Neben den bekannten Förderdarlehen gibt das Land außerdem wieder Zuschüsse, um den Bau günstiger Wohnungen auch für die Wohnungswirtschaft attraktiver zu machen. Denn eines ist klar: Wer Wohnungen baut, möchte sie auch zu einem angemessenem Preis verkaufen oder vermieten. Damit der Bau von sozialem Wohnraum wirtschaftlich mit frei finanzierten Wohnungen konkurrieren kann, bietet Hessen für jedes Förderdarlehen einen Finanzierungszuschuss von zehn Prozent (bei Neubau) und fünf Prozent (bei Modernisierung) an, der nicht mehr zurückgezahlt werden muss.
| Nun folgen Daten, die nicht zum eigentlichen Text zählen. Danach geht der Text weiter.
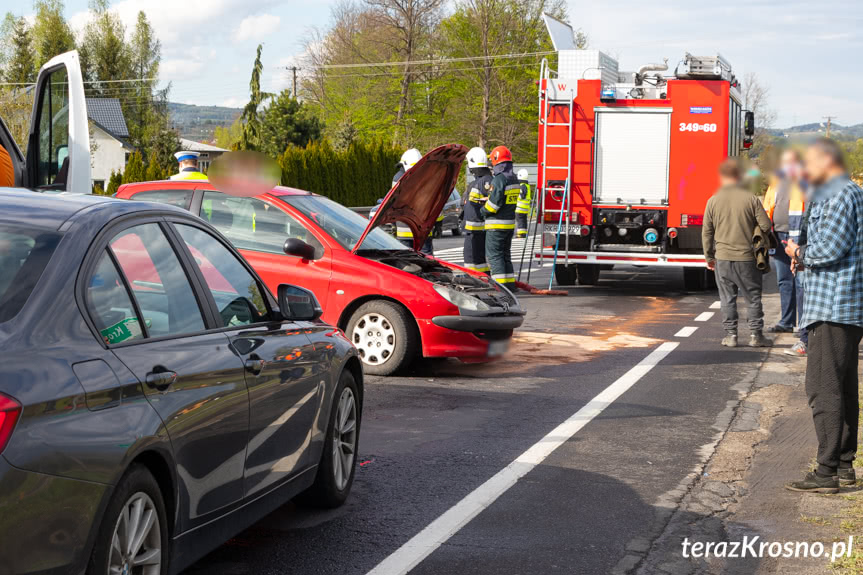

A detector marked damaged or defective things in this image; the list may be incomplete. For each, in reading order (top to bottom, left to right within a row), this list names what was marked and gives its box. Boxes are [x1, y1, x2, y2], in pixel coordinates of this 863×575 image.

red damaged car [116, 145, 528, 374]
An fehlenden Fördermitteln wird der Wohnungsbau jedenfalls nicht scheitern: Seit diese Regierung im Amt ist, wurde noch kein einziger Förderantrag aus Geldmangel abgelehnt. Dass die Förderprogramme im Land ankommen, zeigen auch die aktuellen Anmeldezahlen. Allein in den vergangenen vier Monaten wurden mehr als 1500 neue bezahlbare Wohnungen angemeldet. Viele weitere sind in der Planung. In diesem Tempo kann es gerne weitergehen. Das meine ich ausdrücklich als Appell an alle, die in der Immobilienwirtschaft tätig sind und so ihr Geld verdienen.

Und da bin ich auch schon bei einem weiteren, wichtigen Teil unserer Wohnungspolitik: Um die angespannte Situation am Wohnungsmarkt langfristig in den Griff zu bekommen möchten wir uns mit allen Akteuren regelmäßig austauschen und an einen Tisch setzen.

Regelmäßiger Austausch

Der Landesregierung ist nicht nur wichtig, mit den Kommunen zusammenzuarbeiten und gemeinsam zu analysieren, in welchen Städten der Bedarf besonders stark steigt und mögliche Lösungswege zu suchen. Wir brauchen darüber hinaus auch ein Bündnis aller relevanten Akteure: der Kommunen, der Wohnungswirtschaft, der Mieterverbände und vieler mehr.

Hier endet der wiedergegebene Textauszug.